Manuscrito de Matheus Roiz, transcrição do códice 3062 [Campanha do Alentejo (1641-1654)] da Biblioteca Geral da Universidade de Coimbra, Lisboa, Arquivo Histórico Militar, 1952 (1ª divisão, 2ª secção, caixa 3, nº 2), pgs 354-356.

Conde de Ericeira, História de Portugal Restaurado (edição on-line facsimile da edição de 1759), Parte I, Livro XII, pgs. 411-412.

Imagem: “O Campo da Cavalaria”, pintura de Philips Wouwerman, The Frick Collection, Nova Iorque.

Manuel Freire de Andrade – um pequeno apontamento sobre a sua carreira

Manuel Freire de Andrade foi um oficial que se distinguiu durante a Guerra da Restauração na cavalaria, tendo chegado ao posto de general da cavalaria da Beira, no desempenho do qual viria a ser mortalmente ferido na batalha de Ameixial, em 1663.

A sua ascensão aos postos mais elevados do exército iniciou-se em 1653, quando foi proposto por D. Rodrigo de Castro, então governador do partido de Riba Coa, para comissário geral da cavalaria, posto que se encontrava vago por promoção de João de Melo Feio a mestre de campo.

É dessa proposta, enviada ao Conselho de Guerra, que consta uma abreviada resenha da carreira militar de Manuel Freire de Andrade, na qual se refere que o então capitão de cavalos sempre servira na cavalaria (no Alentejo e na Beira), entrando nas campanhas de 1643, 1645 e 1646, com sua pessoa e 2 criados à sua custa; e que havia 4 anos e meio que servia na da Beira, sendo um deles de soldado com 2 cavalos, e 3 anos e meio como capitão de uma companhia, tendo servido com distinção no assalto e queima da vila de Sabugo, Villa Vieja e Bugajo, na ocasião em que o Marquês de Távora veio à praça de Almeida com 3.000 infantes e 800 cavalos, no assalto ao forte e vila de Ródão, na escalada dos arrabaldes da cidade de Coria, queima da vila de Martingo e em outras ocasiões, tendo também servido na Armada que foi desimpedir a barra de Lisboa dos navios do Parlamento inglês (1650).

A sua nomeação, no entanto, demorou alguns meses a ser efectivada.
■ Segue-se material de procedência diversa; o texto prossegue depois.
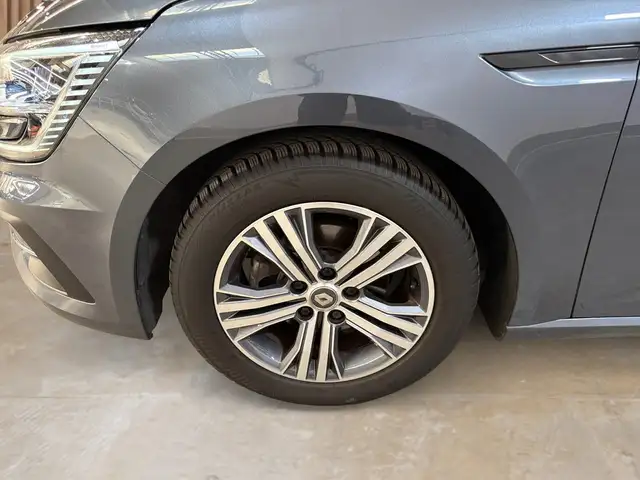 Renault Megane view 12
Só em 14 de Fevereiro de 1654 o Rei confirma, por decreto o novo posto de Manuel Freire de Andrade, e em 23 do mesmo mês é escrita uma carta régia a D. Rodrigo de Castro, dando conta da referida nomeação.
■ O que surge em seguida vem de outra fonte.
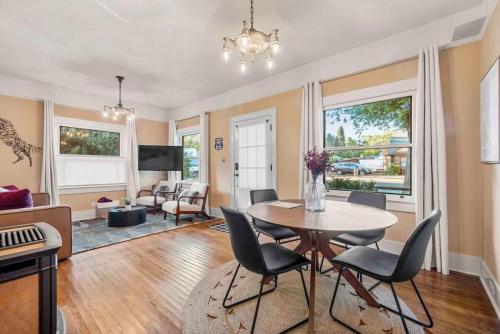 Stylish and Cozy Downtown 2 Bedroom Unit with Hot Tub near สวนธอร์ป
Fontes: ANTT, Conselho de Guerra, Consultas, 1653, mç. 13, consulta de 17 de Julho de 1653; e Secretaria de Guerra, Livro 17º, fls. 125-125 v.

Imagem: vista de Almeida, praça forte onde residia o governador do partido de Riba Coa (ou de Almeida), D. Rodrigo de Castro. Foto de JPF.

“Um general, em uma batalha ou em choque, não há-de levar insígnia nenhuma de general”

Este fragmento das memórias de Mateus Rodrigues refere um caso curioso, passado durante os preparativos para o combate de Arronches (8 de Novembro de 1653):

Assim como o nosso famoso general André de Albuquerque viu ao inimigo, parece que viu o céu aberto, por ver que lhe mostrava Deus o que havia tanto tempo andava buscando; que era dos desejos de se encontrar com o inimigo, de modo que pelejassem ambos e assim como compôs mui bem a cavalaria, (…) foi passando pela vanguarda com a espada na mão, (…) ia mui bem armado e mudado dos fatos, que tirou os que levava e os deu a um pajem seu e vestiu os do pajem para ficar desconhecido, porque um general em uma batalha ou em choque não há-de levar insígnia nenhuma de general. (Manuscrito de Matheus Roiz, pgs. 345-346)

O excerto indica uma prática que não era invulgar na época. Convém esclarecer, no entanto, que o autor pode estar a referir-se a uma capa ou casaca usada sobre a protecção de couro e a couraça, não ao equipamento militar na totalidade. O propósito de André de Albuquerque Ribafria seria, talvez, tornar menos evidente ao inimigo a sua posição, uma vez iniciada a confusão do combate corpo-a-corpo. No caso, de pouco lhe valeu, pois foi derrubado logo no início da peleja, tendo ficado bastante ferido.

Imagem: André de Albuquerque Ribafria, um dos melhores generais da cavalaria portuguesa durante a Guerra da Restauração. Morreu na batalha das Linhas de Elvas em 14 de Janeiro de 1659.